** Entries supplied follows **

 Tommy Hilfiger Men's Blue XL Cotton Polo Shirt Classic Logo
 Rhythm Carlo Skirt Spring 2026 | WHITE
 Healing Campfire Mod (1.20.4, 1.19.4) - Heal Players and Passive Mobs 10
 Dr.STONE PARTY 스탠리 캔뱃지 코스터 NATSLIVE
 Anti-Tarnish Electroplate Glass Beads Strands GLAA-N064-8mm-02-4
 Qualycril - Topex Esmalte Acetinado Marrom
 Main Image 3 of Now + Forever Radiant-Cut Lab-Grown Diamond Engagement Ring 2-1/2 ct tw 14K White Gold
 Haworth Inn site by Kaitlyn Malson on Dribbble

** End of Entries supplied **

◆ **Description of the task**: Transcribe every record above exactly as written.

◆ **Exercise answer**:
 Tommy Hilfiger Men's Blue XL Cotton Polo Shirt Classic Logo
 Rhythm Carlo Skirt Spring 2026 | WHITE
 Healing Campfire Mod (1.20.4, 1.19.4) - Heal Players and Passive Mobs 10
 Dr.STONE PARTY 스탠리 캔뱃지 코스터 NATSLIVE
 Anti-Tarnish Electroplate Glass Beads Strands GLAA-N064-8mm-02-4
 Qualycril - Topex Esmalte Acetinado Marrom
 Main Image 3 of Now + Forever Radiant-Cut Lab-Grown Diamond Engagement Ring 2-1/2 ct tw 14K White Gold
 Haworth Inn site by Kaitlyn Malson on Dribbble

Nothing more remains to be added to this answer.